Western Kentucky University in Bowling Green recently conducted a study to determine Cavallo Trek boots' effects on hoof pressure distribution. Science student, Gabriella Lynn chose Trek boots precisely because of the full coverage of the hoof, and suitable tread for riding over rough ground. At the time of the study, Cavallo Horse and Rider, the maker of the Trek Boots, were not aware that the study existed and that their boots had been chosen to take part. Lynn presented her findings at the 2019 Equine Science Society Symposium, held June 3-6 in Asheville, North Carolina.

This new study measured pressure distribution as horses walked over Fujifilm Low Prescale Film. Fuji, Prescale is a unique film tool that “reveals the distribution and magnitude of pressure between any two contacting, mating, or impacting surfaces." The study measured both impacts to bare hoofs, and hooves protected with Trek Boots.

Asphalt and crushed stone were the platforms used as aggressive hard surfaces for this testing. The color film images revealed pressure over the hoof wall and sole, as well as minimum and maximum pressure, mean pressure, size of contact area, and force. After analyzing the results, Lynn observed that hoof boots created more low-pressure regions on the film than bare feet. Meaning, "that hoof boots absorbed more force and distributed more pressure upon impact," says Lynn.

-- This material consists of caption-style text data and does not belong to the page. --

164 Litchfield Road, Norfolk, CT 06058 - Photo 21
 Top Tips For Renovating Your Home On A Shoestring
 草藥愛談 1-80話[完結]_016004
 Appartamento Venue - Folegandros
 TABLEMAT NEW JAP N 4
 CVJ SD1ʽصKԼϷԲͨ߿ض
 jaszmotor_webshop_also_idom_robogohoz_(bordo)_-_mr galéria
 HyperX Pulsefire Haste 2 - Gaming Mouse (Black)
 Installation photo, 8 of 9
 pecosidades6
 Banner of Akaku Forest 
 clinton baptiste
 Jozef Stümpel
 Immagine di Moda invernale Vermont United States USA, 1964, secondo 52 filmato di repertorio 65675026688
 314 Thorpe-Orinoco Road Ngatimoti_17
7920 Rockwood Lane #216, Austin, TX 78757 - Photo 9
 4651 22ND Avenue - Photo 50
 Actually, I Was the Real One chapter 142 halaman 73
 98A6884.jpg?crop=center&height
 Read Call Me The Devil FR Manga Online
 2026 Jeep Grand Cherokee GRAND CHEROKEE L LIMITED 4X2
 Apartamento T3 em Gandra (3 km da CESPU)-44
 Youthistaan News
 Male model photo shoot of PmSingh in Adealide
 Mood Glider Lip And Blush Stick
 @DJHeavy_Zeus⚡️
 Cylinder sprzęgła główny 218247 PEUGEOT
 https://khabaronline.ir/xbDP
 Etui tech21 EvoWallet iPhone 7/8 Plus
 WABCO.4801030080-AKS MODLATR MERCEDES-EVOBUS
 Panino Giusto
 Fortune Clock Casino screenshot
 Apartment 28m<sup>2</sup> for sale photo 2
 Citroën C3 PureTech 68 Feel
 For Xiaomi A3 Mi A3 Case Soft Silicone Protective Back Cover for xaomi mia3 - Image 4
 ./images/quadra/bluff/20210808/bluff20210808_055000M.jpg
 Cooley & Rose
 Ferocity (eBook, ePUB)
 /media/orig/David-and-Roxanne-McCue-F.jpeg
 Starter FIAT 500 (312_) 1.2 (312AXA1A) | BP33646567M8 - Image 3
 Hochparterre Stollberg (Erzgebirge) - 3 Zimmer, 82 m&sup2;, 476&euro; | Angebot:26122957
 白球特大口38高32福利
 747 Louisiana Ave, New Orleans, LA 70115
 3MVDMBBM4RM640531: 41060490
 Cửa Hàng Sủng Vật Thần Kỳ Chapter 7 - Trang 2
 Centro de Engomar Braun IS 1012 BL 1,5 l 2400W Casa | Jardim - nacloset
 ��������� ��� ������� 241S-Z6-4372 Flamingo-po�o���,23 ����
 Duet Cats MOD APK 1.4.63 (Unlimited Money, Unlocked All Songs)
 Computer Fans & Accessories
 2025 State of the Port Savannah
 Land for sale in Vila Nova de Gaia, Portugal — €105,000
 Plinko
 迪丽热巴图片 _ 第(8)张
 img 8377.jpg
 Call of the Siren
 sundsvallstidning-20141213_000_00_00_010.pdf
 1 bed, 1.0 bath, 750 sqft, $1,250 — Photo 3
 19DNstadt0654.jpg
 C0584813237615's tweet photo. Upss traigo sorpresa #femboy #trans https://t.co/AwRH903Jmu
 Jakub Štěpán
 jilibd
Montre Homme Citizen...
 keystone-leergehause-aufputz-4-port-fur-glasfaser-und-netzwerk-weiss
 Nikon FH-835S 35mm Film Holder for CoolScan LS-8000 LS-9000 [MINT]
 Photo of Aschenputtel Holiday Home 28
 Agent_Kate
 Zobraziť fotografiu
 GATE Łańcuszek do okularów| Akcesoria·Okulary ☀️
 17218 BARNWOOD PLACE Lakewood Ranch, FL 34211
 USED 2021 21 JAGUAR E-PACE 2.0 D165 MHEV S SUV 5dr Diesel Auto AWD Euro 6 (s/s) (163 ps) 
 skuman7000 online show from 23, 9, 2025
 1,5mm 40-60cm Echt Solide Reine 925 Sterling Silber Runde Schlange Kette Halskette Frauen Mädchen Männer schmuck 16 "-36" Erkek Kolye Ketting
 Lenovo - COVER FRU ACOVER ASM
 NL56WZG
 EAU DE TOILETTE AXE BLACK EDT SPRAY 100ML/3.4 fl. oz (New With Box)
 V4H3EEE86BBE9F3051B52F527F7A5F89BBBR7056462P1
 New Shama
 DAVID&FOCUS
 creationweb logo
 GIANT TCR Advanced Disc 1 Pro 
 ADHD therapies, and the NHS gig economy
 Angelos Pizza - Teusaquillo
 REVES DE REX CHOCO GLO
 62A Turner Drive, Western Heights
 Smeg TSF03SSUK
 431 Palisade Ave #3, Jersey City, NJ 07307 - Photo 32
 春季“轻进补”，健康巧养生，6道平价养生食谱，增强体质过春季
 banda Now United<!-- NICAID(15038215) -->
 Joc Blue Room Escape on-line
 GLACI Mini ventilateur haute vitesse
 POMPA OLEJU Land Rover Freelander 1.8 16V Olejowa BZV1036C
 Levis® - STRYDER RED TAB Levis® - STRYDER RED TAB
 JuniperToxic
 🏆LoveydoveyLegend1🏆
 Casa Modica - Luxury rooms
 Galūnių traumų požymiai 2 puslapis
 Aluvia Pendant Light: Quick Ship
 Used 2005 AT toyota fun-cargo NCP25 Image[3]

To read more about The Western Kentucky University study, please read the article HERE:

While the Cavallo Trek Style Hoof Boot was the featured boot in the study, all Cavallo Hoof Boots construction is consistently on the same durable, shock-absorbing soles. Horses that use Cavallo Hoof Boots benefit from the shock-absorbing, weight distributing, and pressure minimizing features of these technically advanced hoof boots.

Here is what one foremost authority on this topic has to say. Robert Bowker, DVM quoted in Horse & Rider, Feb. 2006 said, "The blood in horses' feet does much more than provide nutrients to hoof tissues. It also enables the unshod foot to function as a hydraulic system, in much the same way that gel-filled athletic shoes do.... Horseshoes provide a much smaller surface area to absorb shock.  So, if a bare hoof landing after jump experiences, say, 1,000 pounds of loading per square foot, then with a traditional shoe, there is going to be 2,000 pounds per square foot."